Mirror Mirror on the Wall, Who is the Most Perfect of Them All

Brene Brown suggests that ‘perfectionism’ is not the same thing as striving to be your best.

‘Perfectionism’ is the belief that if we live perfect, look perfect, and act perfect, we can minimize or avoid the pain of blame, judgement, and shame. It is a shield. It is a twenty-ton shield that we lug around thinking it will protect us when, in fact, it is the thing that is really preventing us from flight.

A few years ago, I believed I was a perfectionist. I needed to appear perfect as I believed that I mattered only when I achieved great things. For me it was a positive trait rather than a flaw. Though I worked harder to achieve my personal best, I was never satisfied with the result. I kept telling myself I was not good enough. Insecurity gripped me as I feared disapproval from others.

What makes us aim to be perfect?

It is not clear what causes someone to become a perfectionist. Studies have found that high levels of perfectionism relate to depression, anxiety, eating disorders, deliberate self-harming and obsessive-compulsive disorder. It is a behaviour that we learn from our own inadequacy or when we copy someone close to us.

Our idea of perfectionism is based on our past actions. It is a combination of what we learned, imagined, and experienced in the past. It can be exhausting when we are trying to avoid repeat failures, but hopeful when we learn from our success. Depending on the outcome, our persona changes. We can become hypersensitive and defensive.

“When perfectionism exists, shame is always lurking” – Brene Brown

It took me years before I let go of the pressure. I no longer feel guilty when I leave my belongings scattered around the bedroom or dump piles of books on the table. I do not feel embarrassed when my family tells me I am a hoarder. Nor do I feel ashamed to say that I am not good at something which I am not particularly keen on.

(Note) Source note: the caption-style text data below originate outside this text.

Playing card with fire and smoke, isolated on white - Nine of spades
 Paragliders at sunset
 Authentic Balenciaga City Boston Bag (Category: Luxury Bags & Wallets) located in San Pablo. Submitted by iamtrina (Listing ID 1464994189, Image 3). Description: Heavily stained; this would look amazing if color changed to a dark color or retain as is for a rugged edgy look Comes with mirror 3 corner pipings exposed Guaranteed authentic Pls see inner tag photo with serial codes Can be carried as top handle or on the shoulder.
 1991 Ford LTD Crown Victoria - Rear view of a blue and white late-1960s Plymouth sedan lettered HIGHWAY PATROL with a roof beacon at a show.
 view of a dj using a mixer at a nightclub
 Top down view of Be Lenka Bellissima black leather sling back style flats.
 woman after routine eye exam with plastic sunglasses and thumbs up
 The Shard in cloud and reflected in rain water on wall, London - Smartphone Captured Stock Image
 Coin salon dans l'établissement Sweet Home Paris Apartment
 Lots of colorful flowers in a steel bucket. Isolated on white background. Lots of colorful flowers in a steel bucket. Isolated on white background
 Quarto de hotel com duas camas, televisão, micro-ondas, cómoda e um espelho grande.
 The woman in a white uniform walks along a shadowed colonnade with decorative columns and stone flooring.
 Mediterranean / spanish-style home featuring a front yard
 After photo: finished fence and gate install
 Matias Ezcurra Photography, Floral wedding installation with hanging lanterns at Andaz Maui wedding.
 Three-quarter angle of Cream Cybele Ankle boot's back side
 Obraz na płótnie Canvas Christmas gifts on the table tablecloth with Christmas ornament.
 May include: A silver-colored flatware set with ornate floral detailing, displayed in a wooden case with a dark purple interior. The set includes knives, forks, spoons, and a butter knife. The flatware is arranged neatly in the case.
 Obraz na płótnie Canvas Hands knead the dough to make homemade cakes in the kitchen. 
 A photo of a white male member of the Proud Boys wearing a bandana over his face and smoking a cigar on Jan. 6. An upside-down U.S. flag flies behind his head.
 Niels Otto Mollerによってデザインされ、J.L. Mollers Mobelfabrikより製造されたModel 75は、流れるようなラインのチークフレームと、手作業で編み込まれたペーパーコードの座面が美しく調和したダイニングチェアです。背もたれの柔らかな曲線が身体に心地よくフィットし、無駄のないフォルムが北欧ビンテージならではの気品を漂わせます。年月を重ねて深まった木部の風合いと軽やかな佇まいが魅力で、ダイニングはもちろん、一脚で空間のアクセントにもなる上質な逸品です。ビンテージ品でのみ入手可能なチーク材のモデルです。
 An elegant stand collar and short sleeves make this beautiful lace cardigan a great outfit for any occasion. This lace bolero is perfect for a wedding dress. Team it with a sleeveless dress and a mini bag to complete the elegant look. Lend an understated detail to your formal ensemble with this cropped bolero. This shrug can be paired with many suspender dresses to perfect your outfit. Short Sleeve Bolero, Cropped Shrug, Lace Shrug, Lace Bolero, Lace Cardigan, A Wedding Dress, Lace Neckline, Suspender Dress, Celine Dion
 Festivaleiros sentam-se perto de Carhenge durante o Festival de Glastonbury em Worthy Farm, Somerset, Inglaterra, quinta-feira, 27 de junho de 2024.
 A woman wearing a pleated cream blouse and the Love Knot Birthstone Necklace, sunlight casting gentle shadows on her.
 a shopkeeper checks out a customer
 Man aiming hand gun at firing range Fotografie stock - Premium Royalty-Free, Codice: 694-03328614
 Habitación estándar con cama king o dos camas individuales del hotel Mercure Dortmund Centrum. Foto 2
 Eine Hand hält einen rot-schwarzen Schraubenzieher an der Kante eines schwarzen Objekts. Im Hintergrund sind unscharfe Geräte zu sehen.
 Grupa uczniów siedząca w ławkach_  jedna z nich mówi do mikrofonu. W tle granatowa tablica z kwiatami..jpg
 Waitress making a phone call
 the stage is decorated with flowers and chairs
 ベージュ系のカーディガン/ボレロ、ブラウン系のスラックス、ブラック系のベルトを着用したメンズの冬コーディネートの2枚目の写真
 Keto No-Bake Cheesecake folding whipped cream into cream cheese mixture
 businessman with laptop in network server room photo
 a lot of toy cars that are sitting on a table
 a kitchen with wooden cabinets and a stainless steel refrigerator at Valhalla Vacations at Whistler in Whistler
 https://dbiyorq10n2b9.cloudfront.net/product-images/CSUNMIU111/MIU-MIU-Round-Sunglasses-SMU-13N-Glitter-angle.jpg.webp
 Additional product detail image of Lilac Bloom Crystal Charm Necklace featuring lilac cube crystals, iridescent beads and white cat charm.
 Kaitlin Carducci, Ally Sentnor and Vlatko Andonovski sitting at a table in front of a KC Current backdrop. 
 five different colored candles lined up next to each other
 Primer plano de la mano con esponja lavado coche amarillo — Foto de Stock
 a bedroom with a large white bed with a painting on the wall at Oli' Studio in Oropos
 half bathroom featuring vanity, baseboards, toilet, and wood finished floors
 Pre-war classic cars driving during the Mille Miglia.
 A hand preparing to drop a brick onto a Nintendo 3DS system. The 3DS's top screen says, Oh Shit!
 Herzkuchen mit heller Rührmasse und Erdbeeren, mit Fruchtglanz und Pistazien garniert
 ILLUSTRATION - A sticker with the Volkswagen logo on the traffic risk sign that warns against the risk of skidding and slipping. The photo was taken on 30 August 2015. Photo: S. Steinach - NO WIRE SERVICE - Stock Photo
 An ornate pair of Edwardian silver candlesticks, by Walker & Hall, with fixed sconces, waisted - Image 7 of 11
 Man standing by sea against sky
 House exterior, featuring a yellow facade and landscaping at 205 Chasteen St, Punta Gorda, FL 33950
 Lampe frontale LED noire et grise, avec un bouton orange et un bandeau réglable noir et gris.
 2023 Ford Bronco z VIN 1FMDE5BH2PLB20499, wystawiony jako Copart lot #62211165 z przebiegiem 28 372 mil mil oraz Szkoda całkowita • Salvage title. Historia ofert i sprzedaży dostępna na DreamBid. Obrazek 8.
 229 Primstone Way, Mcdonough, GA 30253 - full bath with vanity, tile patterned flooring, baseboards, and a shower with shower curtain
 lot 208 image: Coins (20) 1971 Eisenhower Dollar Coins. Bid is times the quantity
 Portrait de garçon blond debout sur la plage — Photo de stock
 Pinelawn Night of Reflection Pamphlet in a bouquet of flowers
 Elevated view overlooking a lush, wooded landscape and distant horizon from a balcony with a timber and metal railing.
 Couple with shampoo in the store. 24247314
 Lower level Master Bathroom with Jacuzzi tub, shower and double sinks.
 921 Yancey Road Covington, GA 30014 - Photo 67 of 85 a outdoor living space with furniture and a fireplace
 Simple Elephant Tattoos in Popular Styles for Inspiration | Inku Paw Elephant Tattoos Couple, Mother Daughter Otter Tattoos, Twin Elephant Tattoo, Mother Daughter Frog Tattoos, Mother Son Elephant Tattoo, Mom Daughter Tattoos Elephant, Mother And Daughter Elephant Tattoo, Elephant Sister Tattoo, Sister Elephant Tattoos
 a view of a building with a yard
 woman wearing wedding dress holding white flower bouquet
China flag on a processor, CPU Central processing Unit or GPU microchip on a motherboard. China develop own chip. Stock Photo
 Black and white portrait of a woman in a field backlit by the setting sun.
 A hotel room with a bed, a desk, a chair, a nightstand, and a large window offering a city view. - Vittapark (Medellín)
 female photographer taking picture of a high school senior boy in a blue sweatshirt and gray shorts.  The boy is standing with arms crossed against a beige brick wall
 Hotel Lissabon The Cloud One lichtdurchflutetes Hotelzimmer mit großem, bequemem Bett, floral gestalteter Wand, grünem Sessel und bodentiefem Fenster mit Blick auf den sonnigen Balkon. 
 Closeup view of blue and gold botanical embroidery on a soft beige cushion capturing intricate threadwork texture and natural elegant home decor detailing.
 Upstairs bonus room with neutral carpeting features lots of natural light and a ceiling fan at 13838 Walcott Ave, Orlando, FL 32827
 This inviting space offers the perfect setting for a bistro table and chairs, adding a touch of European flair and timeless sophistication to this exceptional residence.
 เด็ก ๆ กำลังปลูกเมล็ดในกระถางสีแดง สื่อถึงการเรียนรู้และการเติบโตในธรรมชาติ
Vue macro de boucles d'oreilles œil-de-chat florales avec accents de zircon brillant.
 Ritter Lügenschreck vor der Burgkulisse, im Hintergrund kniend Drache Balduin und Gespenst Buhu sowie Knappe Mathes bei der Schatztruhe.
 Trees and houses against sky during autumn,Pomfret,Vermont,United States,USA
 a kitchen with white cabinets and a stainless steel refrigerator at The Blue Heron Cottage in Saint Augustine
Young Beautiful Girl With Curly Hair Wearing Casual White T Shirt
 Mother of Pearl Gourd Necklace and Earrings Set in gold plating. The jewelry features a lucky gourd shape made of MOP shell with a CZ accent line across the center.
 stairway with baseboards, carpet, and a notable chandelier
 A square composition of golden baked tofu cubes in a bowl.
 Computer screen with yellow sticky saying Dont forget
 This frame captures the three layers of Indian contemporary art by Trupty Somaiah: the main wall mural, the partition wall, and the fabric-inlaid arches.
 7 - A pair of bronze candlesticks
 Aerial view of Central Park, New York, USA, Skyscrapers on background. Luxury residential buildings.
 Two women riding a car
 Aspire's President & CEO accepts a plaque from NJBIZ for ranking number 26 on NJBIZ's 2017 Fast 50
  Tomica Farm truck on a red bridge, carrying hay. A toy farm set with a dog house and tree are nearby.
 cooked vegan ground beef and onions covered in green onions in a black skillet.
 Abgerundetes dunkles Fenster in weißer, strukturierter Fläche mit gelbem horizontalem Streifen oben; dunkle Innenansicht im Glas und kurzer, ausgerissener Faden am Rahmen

And yet, when I am making art, I get frustrated and anxious when it does not turn out as I envisioned in my head. Even though others see a brilliant creation, I am critical of my own work. With advertising and social media, I am constantly reminded of all the things that I fall short. Self-doubt creeps in and I take a nose-dive into the pit of self-pity; I am not good enough.

“Have no fear of perfection- you’ll never reach it” – Salvador Dali

Perfection is not a quest to become the best. It is a pursuit of the worst in ourselves, the part that tells us that nothing we do will ever be good enough, that we should try harder. Perfectionism is unachievable. It is a function of the mind that can instigate defeat or success. It all depends on how we use it. Our goal is to reframe our mindset, shift our focus on living only in the present.

Therefore, we should not strive for perfection and we should not concern ourselves with what others think. The desire to achieve perfection can be a detriment to our health. It can cause us to lose our self-confidence and the ability to perform. Everyone has their own values and standards. Let us not second guess ourselves by trying to emulate others. We might end up becoming our worst enemy.

I am okay with not being perfect, because that is perfect to me.